Guten Abend, Kollege! Meine persönliche Erfahrung ist begrenzt: Therapie (Neuromidin 20, Nicergolin 10, Combilipen 20, dann in Tablettenform und Berlition – ich glaube nicht, dass jemand auf die Idee käme, sich selbst zu behandeln), täglich Fußmassage mit Rizinusöl, Wirbelsäulengymnastik (ich mache einen Komplex von 6 Übungen mit 3 Wiederholungen) und abends gehe ich im Hof spazieren, um mich zu mehr Bewegung zu zwingen, aber es wird immer schwieriger. Überraschenderweise schlafe ich normal ein (an die Kribbeln und Prickeln habe ich mich gewöhnt). Ich beneide Sie darum, dass Sie nicht in Panik geraten können, mir gelingt das nicht, aber ich werde mich bemühen. Wie verbringen Sie Ihre Freizeit, was machen Sie? Wie bezwingen Sie Ihre Beschwerden?
Коллега
#14
Olga, ich versuche, die Krankheit zu ignorieren und meine Freizeit wie gewohnt zu verbringen. Ich gehe nach wie vor regelmäßig ins Kino, ins Theater, treffe mich mit Freunden und gehe spazieren. Ich bin sogar irgendwie freundlicher und gesprächiger geworden.

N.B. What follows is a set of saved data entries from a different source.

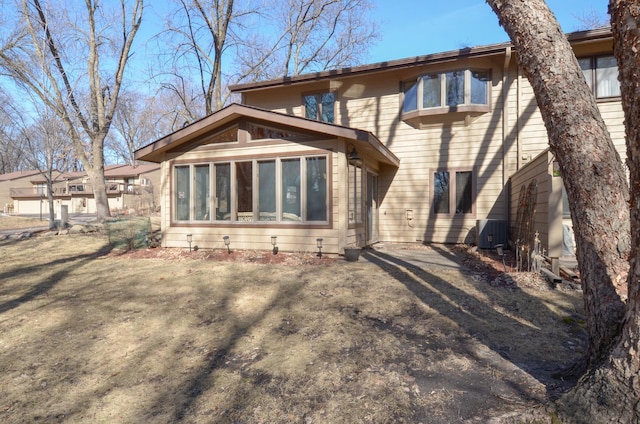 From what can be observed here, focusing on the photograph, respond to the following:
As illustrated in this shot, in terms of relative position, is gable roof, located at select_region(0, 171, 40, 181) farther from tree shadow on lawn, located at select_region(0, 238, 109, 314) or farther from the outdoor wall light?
the outdoor wall light

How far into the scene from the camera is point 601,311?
2352mm

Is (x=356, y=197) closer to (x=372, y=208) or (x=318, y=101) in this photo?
(x=372, y=208)

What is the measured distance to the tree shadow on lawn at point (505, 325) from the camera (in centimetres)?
304

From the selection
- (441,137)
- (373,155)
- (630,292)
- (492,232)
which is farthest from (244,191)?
(630,292)

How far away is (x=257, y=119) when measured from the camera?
862cm

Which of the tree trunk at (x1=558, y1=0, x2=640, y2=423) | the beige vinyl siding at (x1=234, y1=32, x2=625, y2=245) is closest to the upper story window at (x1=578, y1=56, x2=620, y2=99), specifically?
the beige vinyl siding at (x1=234, y1=32, x2=625, y2=245)

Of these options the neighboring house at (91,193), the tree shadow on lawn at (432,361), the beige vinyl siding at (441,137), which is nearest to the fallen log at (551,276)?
the tree shadow on lawn at (432,361)

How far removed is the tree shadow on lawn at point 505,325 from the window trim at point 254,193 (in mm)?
2660

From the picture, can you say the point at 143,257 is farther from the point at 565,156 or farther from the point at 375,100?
the point at 565,156

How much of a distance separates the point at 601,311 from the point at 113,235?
34.4 ft

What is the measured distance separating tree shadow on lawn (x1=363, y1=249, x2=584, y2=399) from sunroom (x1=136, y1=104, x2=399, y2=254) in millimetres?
2481

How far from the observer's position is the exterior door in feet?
32.7

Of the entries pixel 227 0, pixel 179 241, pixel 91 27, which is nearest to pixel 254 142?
pixel 179 241

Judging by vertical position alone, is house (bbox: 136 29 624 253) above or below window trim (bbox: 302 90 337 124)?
below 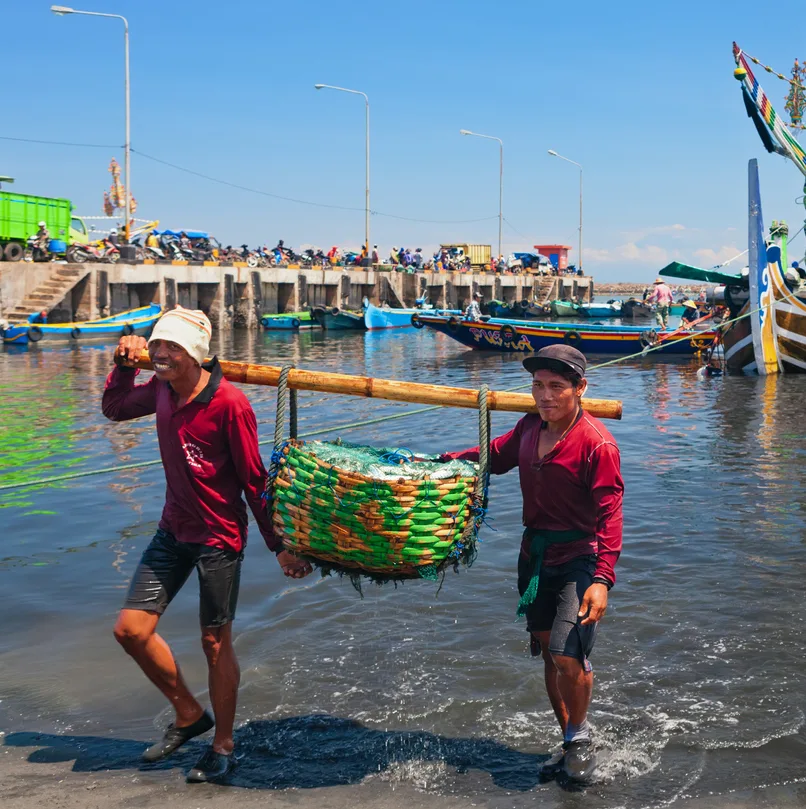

Allerdings zeige ich im Winter kaum meine Nase draußen, weil es furchtbar glatt ist. Ich habe mir sogar Spikes unter die Schuhe geklebt, aber meine Beine rutschen trotzdem weg.

Nun, insgesamt mache ich mir nicht zu viele Gedanken über die Krankheit. Ja, es ist schwer. Ja, der Lebensrhythmus hat sich verändert. Ja, vieles kann ich jetzt nicht mehr, nicht einmal die einfachsten Dinge. Aber ich versuche, mich nicht selbst zu bemitleiden. Weil ich überzeugt bin, dass, sobald ich anfange, mir leid zu tun, ich aufhören werde, mich anzustrengen, und es schlimmer wird. Das möchte ich nicht zulassen.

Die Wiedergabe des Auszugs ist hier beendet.